# [WHAT YOU HAVE TO DO]
Restate the listing below word for word; no picture is to be carried over.

# [MATERIAL SHOWN]

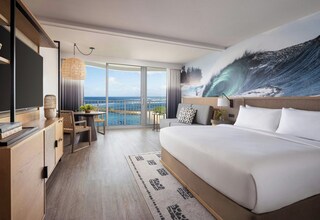 A modern hotel room with a large bed, a flat-screen TV, a dining area with a table and chairs, and a balcony with a view of the ocean.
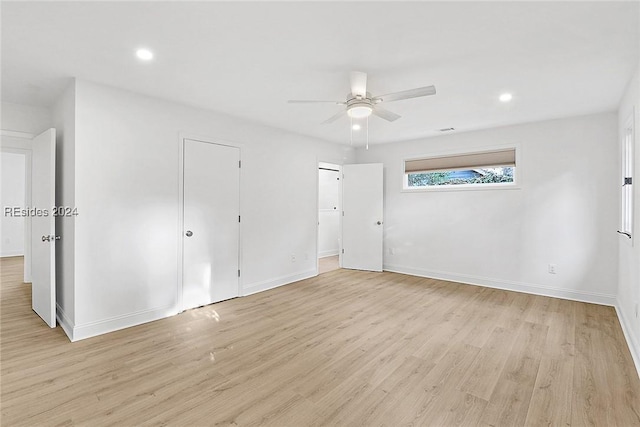 unfurnished bedroom featuring ceiling fan and light wood-type flooring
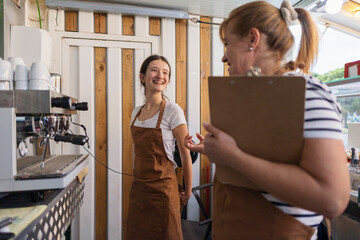 Coffee shop owner supervising young trainee barista learning work © PintoArt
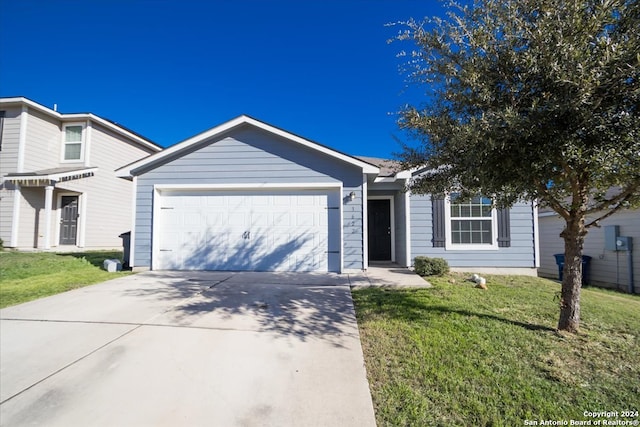 single story home featuring a garage and a front lawn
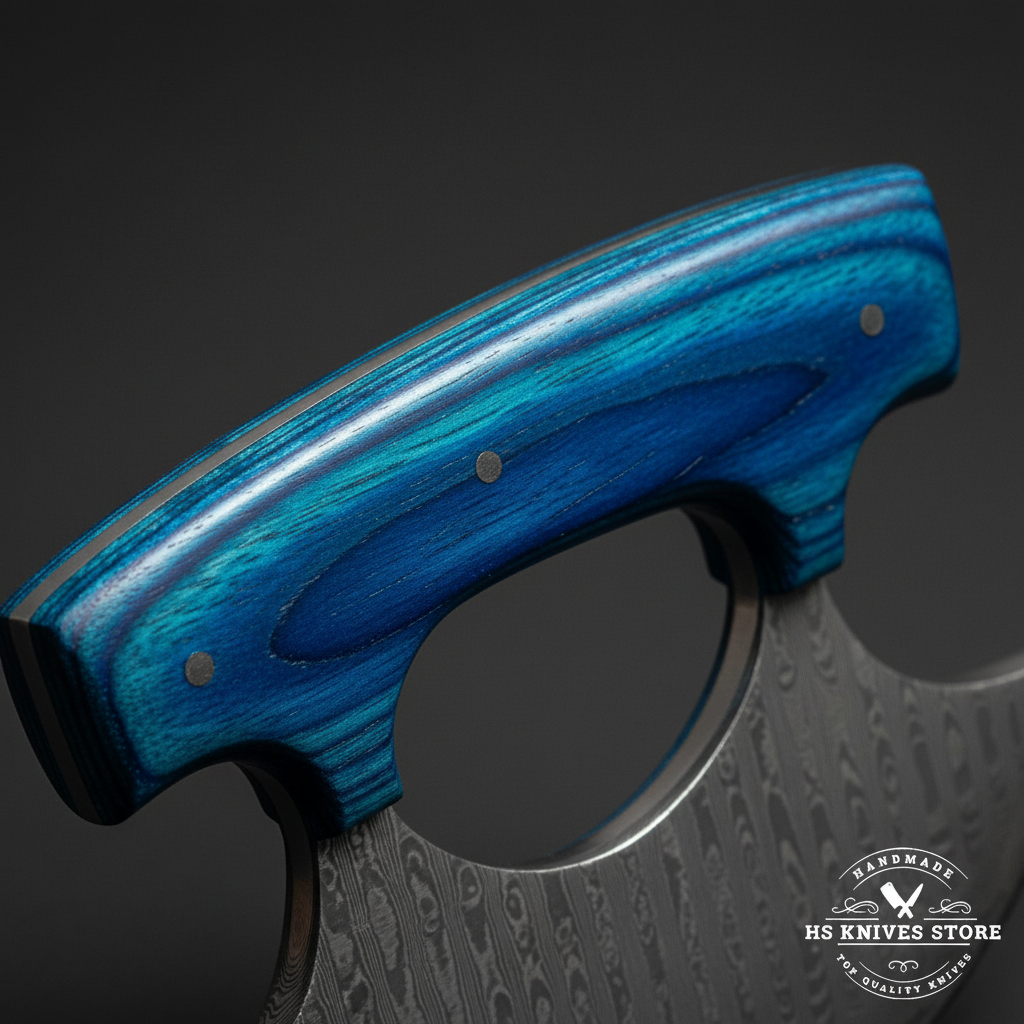 Macro close-up of deep royal blue pakkawood ulu knife handle with textured grain open finger loop and 2 steel pins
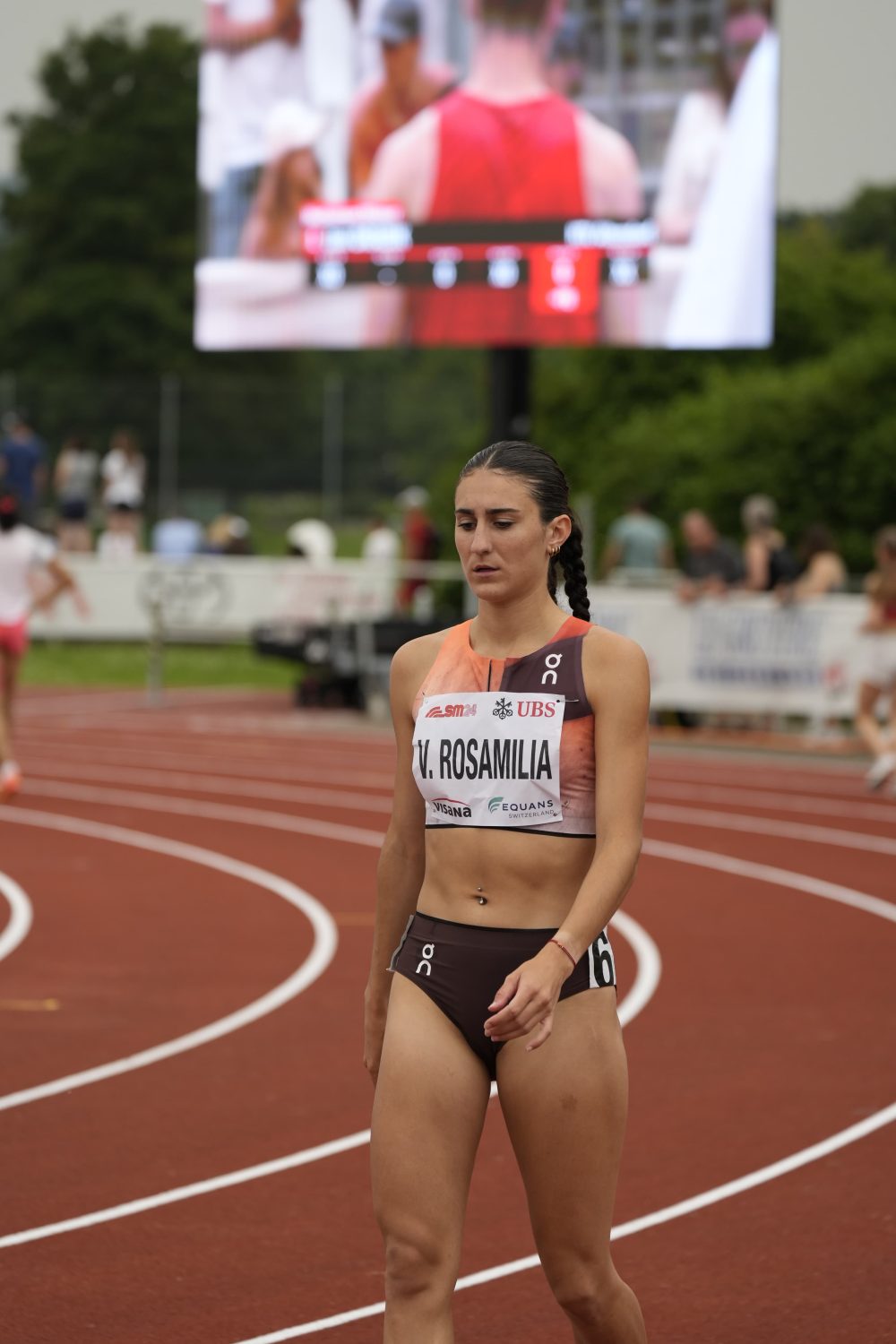A female athlete in a brown and orange uniform walking on a running track, looking focused. Her bib reads V. Rosamilia. A large screen with blurred figures is visible in the background.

# [THE COMPLETED TASK]
 A modern hotel room with a large bed, a flat-screen TV, a dining area with a table and chairs, and a balcony with a view of the ocean.
 unfurnished bedroom featuring ceiling fan and light wood-type flooring
 Coffee shop owner supervising young trainee barista learning work © PintoArt
 single story home featuring a garage and a front lawn
 Macro close-up of deep royal blue pakkawood ulu knife handle with textured grain open finger loop and 2 steel pins
A female athlete in a brown and orange uniform walking on a running track, looking focused. Her bib reads V. Rosamilia. A large screen with blurred figures is visible in the background.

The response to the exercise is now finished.